YOUR INSTRUCTIONS: Everything in the records except the pictures should come back exactly as written.

STUDY MATERIAL:
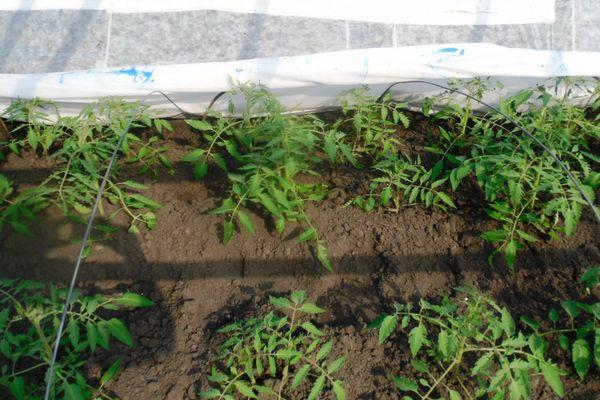 ลักษณะและคำอธิบายของมะเขือเทศสีเขียว Antonovka Honey การปลูกและการดูแล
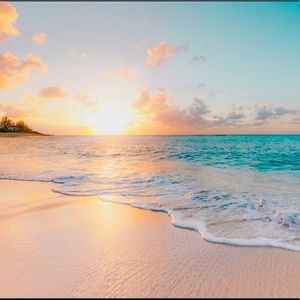 Meet your Posher, Rhomina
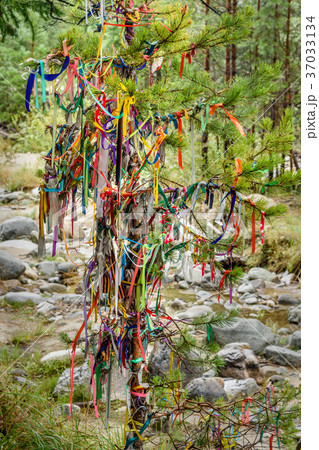 Colored ribbons to the Holy tree.  Arshan. Russia 37033134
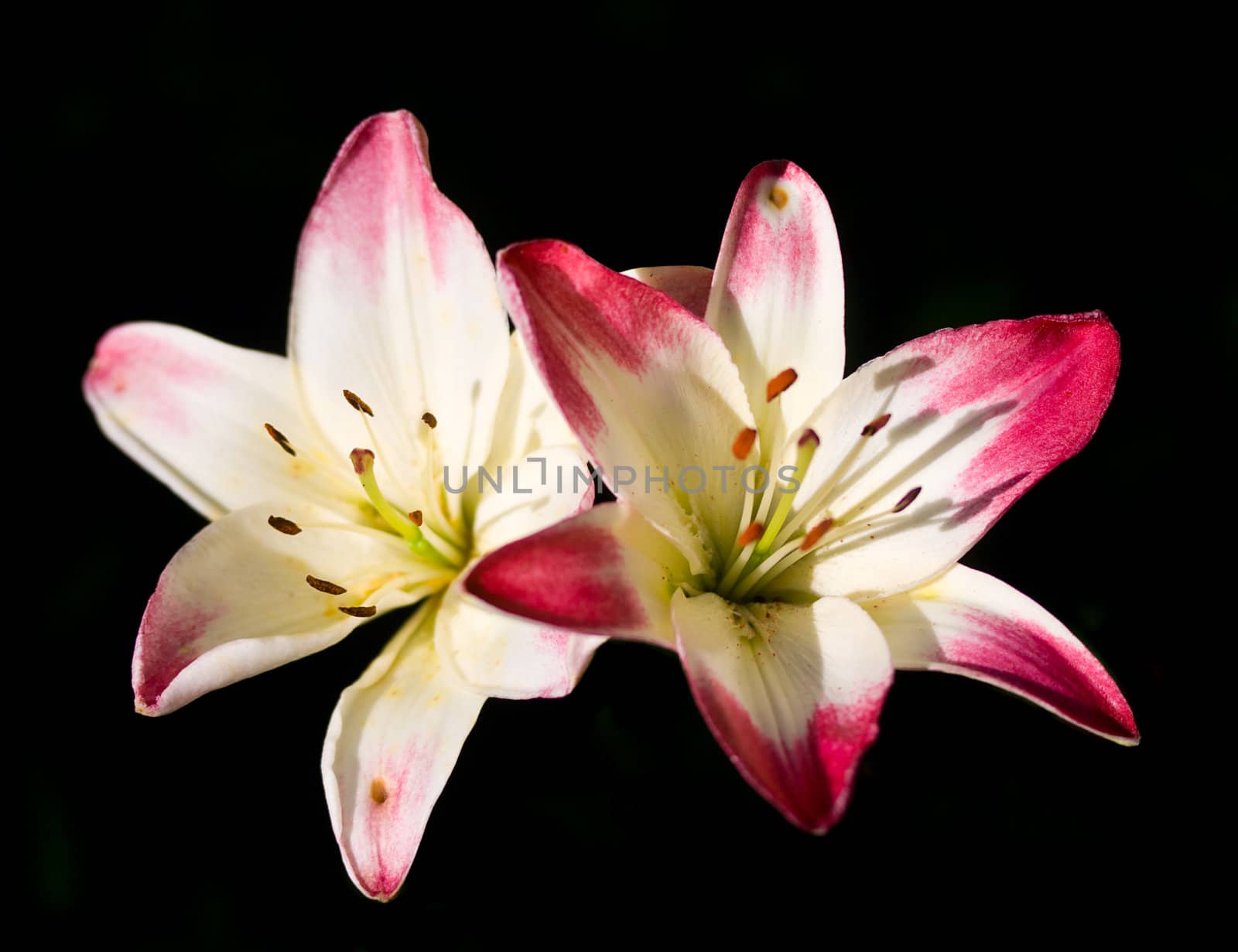 close-up two lilies, isolated on black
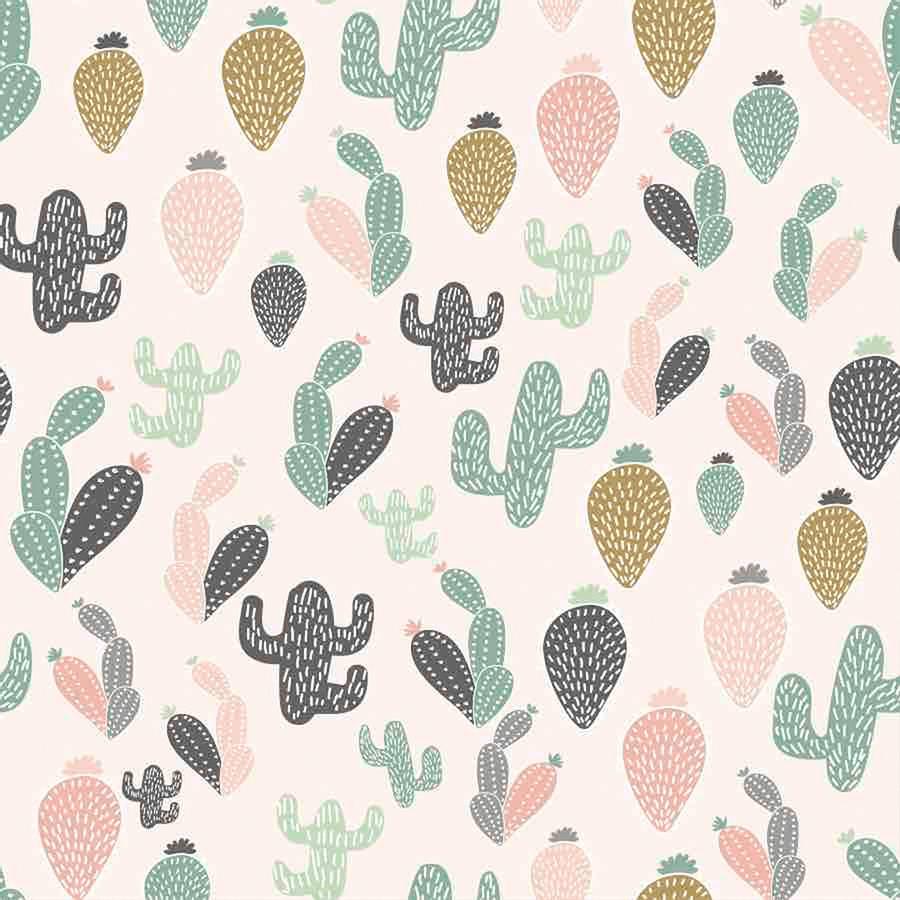 900x900 Download Cactus Wallpaper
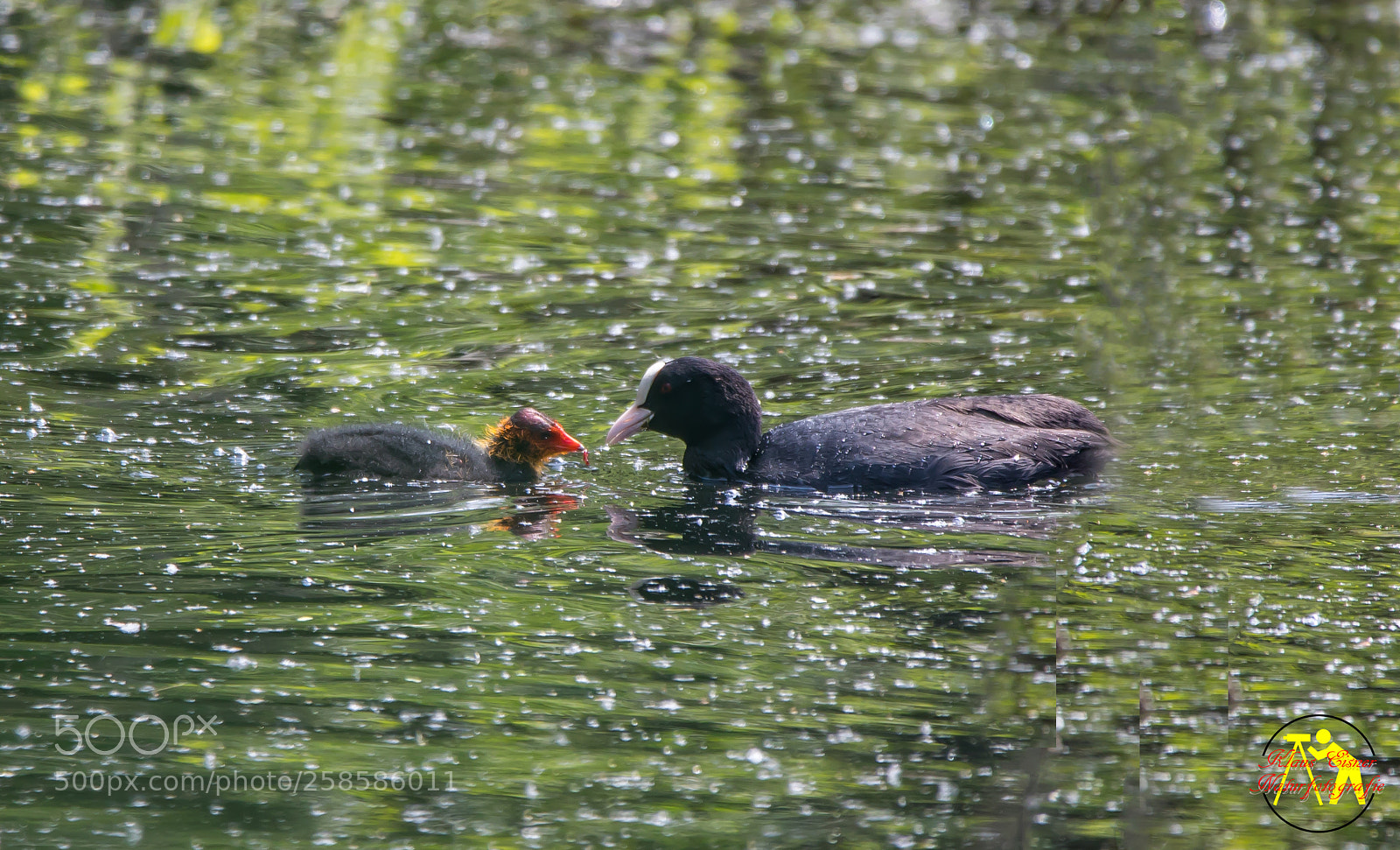 Canon EOS 5D Mark IV sample photo. Bl sshuhn und k photography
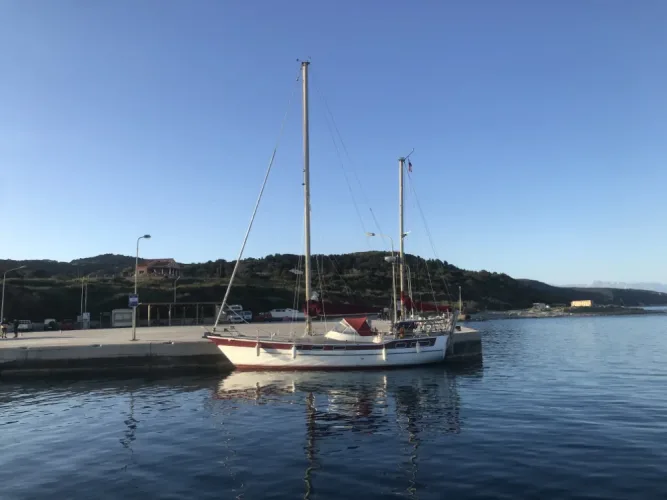 Asterias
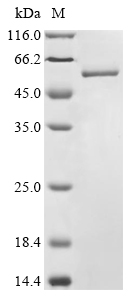 Recombinant Staphylococcus aureus Clumping factor A(clfA),Partial
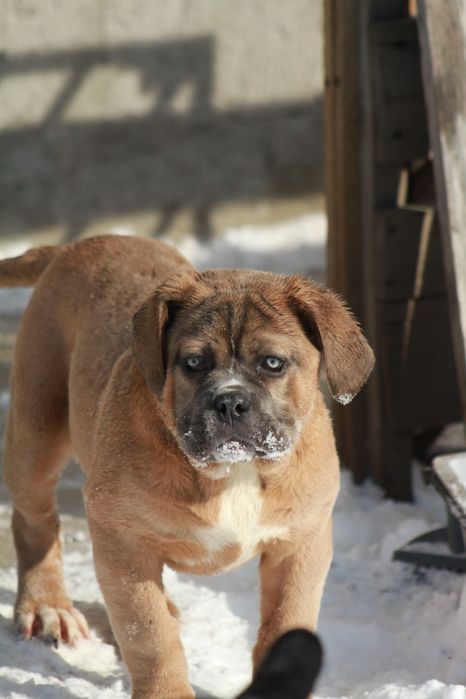 Супер широкая мощная девочка Норс Американ мастиф.  НАМ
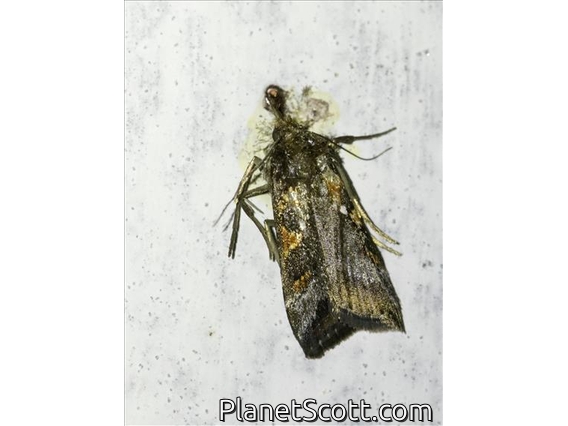 Pyraloid Moth (Pyraloidea sp)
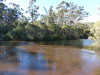 Sydney12_Kangaroo_River.jpg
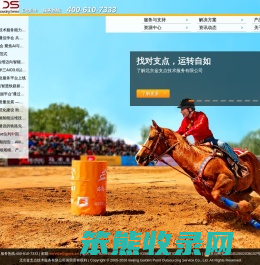 金支点IT服务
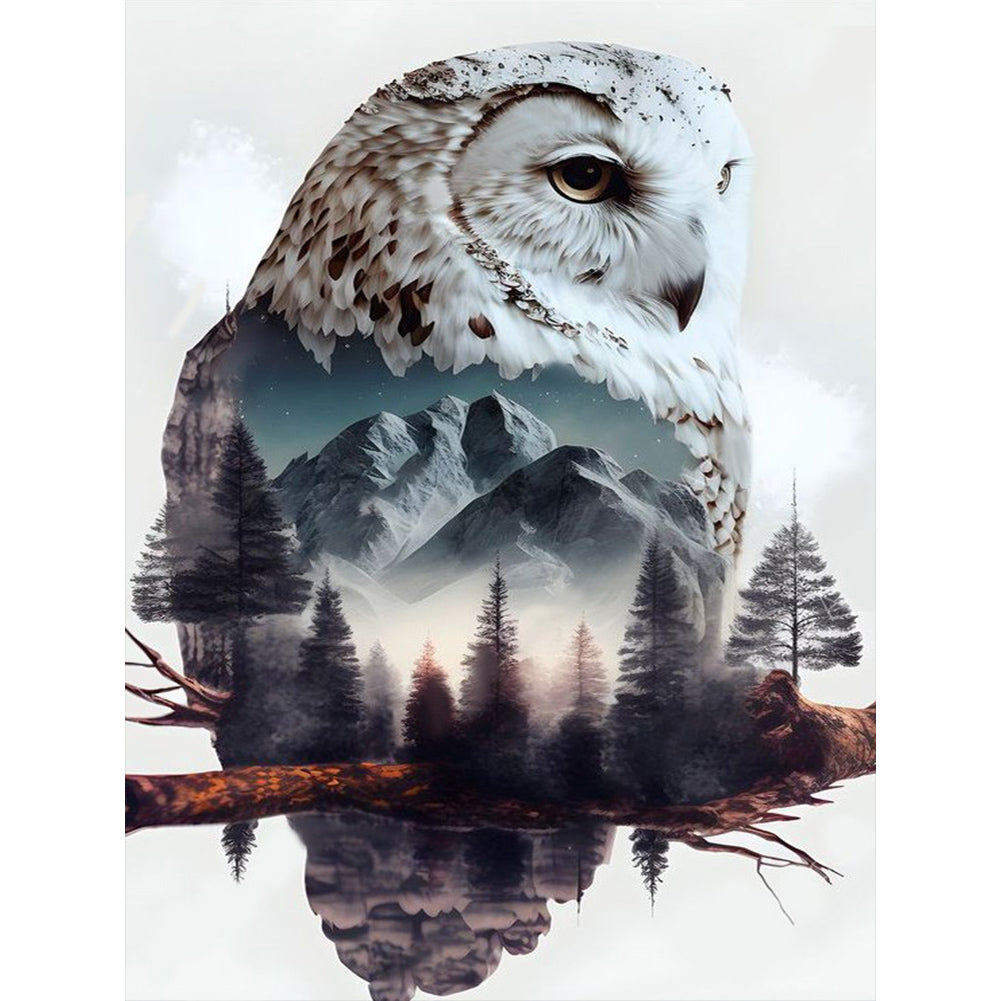 Diamond Painting - Full Round - owl (30*40CM)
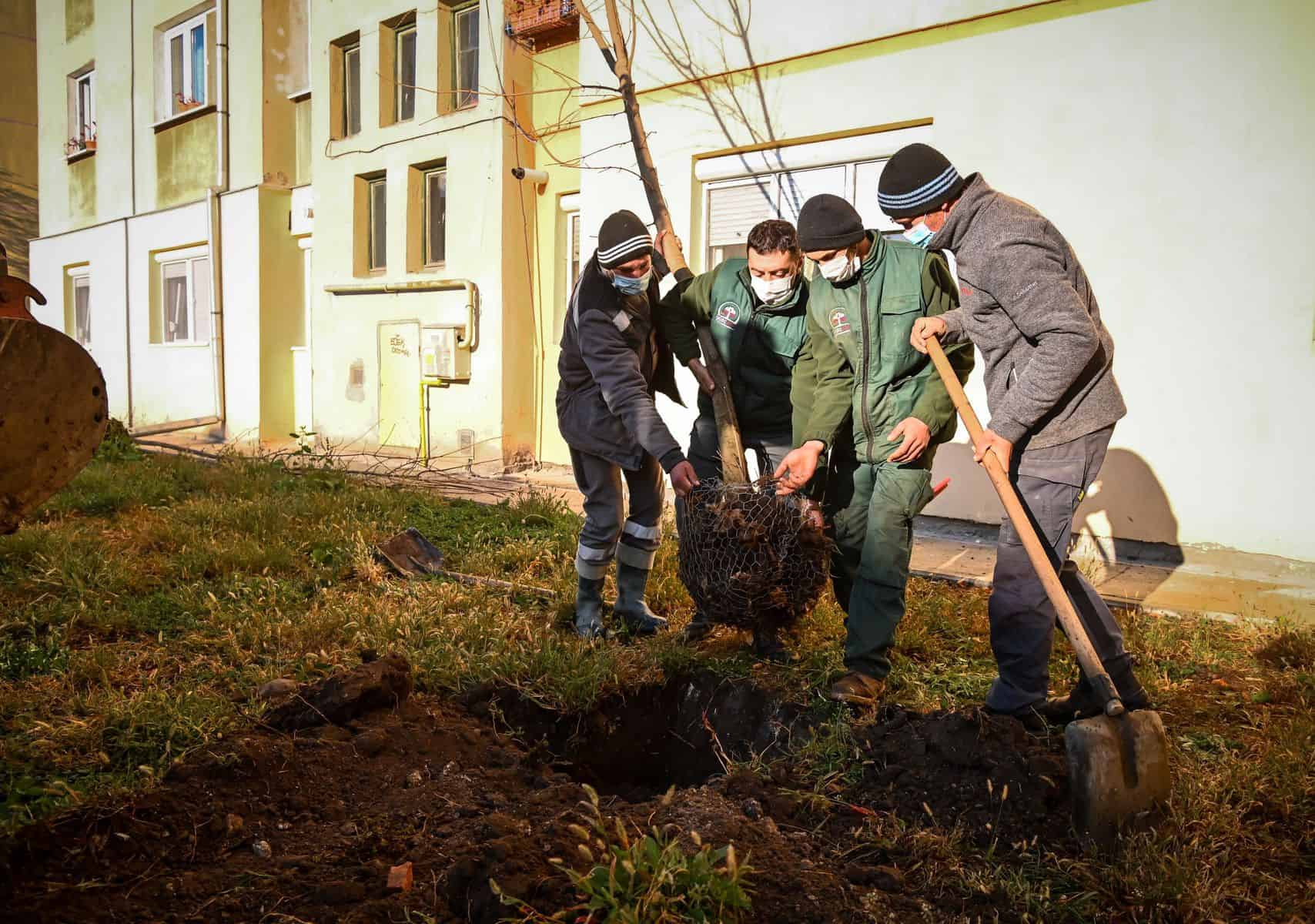 FOTO - Primăria Sibiu plantează peste 650 de arbori în cartierele sibiene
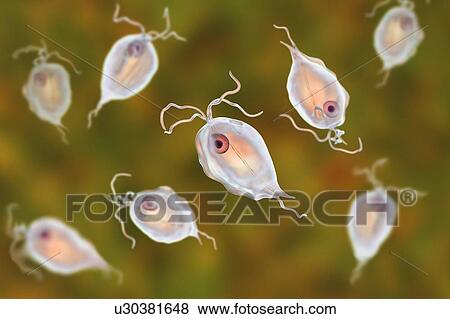 Stock Photo - Pentatrichomonas intestinal parasite, illustration. Fotosearch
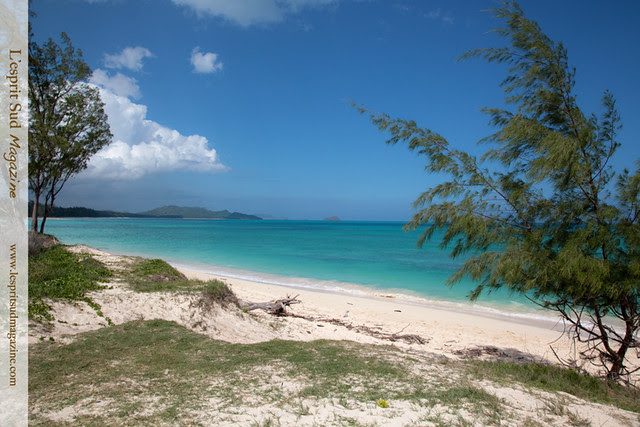 Lanikai Beach, Oahu Hawaii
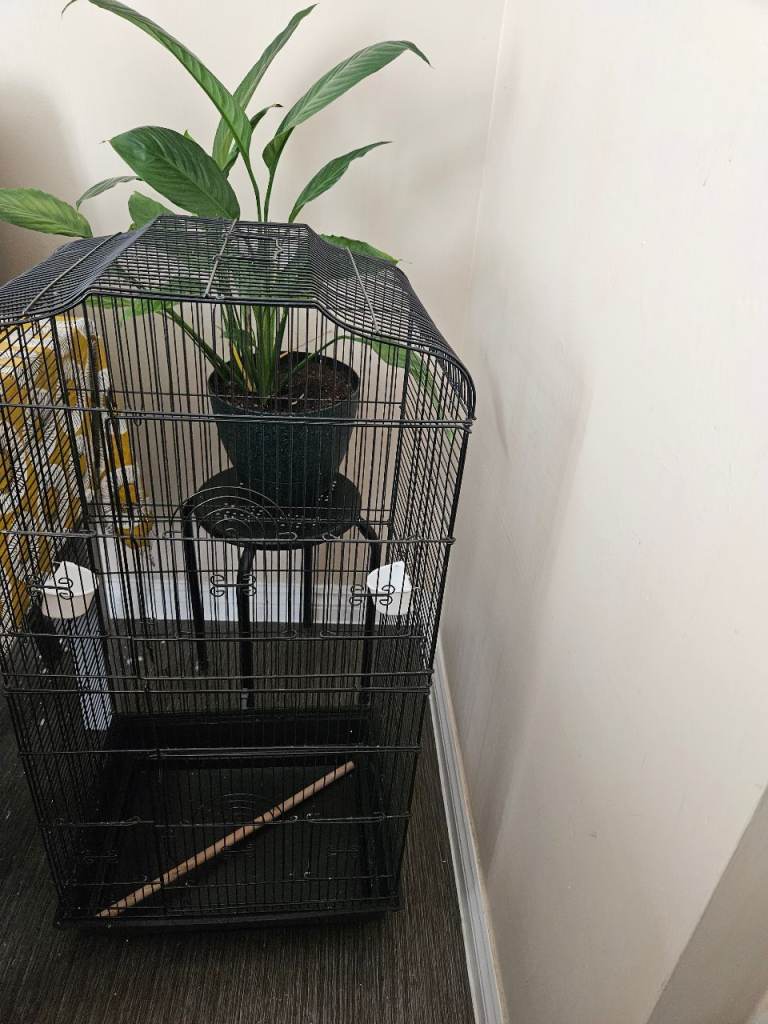 Large Budgie Cage 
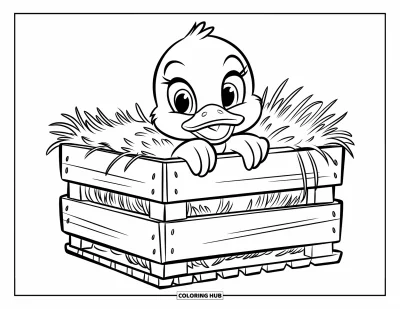 Entenküken-Ausmalbild für Kinder: Eine Ente schaut aus einer mit Heu gefüllten Holzkiste heraus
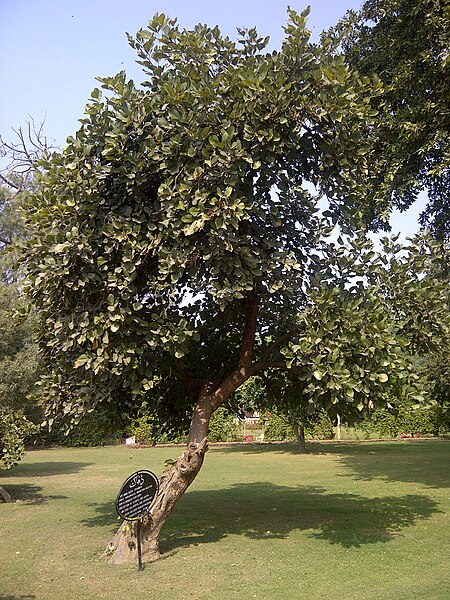 File:Butea monosperma Bagh-e-Jinnah.jpg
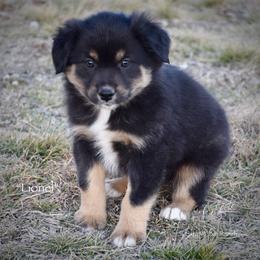Lionel - Black tri male Miniature Australian Shepherd puppy in Evant, Texas from Lazy VT Bar Ranch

RESULT OF THE EXERCISE:
 ลักษณะและคำอธิบายของมะเขือเทศสีเขียว Antonovka Honey การปลูกและการดูแล
 Meet your Posher, Rhomina
 Colored ribbons to the Holy tree.  Arshan. Russia 37033134
 close-up two lilies, isolated on black
 900x900 Download Cactus Wallpaper
 Canon EOS 5D Mark IV sample photo. Bl sshuhn und k photography
 Asterias
 Recombinant Staphylococcus aureus Clumping factor A(clfA),Partial
 Супер широкая мощная девочка Норс Американ мастиф.  НАМ
 Pyraloid Moth (Pyraloidea sp)
 Sydney12_Kangaroo_River.jpg
 金支点IT服务
 Diamond Painting - Full Round - owl (30*40CM)
 FOTO - Primăria Sibiu plantează peste 650 de arbori în cartierele sibiene
 Stock Photo - Pentatrichomonas intestinal parasite, illustration. Fotosearch
 Lanikai Beach, Oahu Hawaii
 Large Budgie Cage 
 Entenküken-Ausmalbild für Kinder: Eine Ente schaut aus einer mit Heu gefüllten Holzkiste heraus
 File:Butea monosperma Bagh-e-Jinnah.jpg
Lionel - Black tri male Miniature Australian Shepherd puppy in Evant, Texas from Lazy VT Bar Ranch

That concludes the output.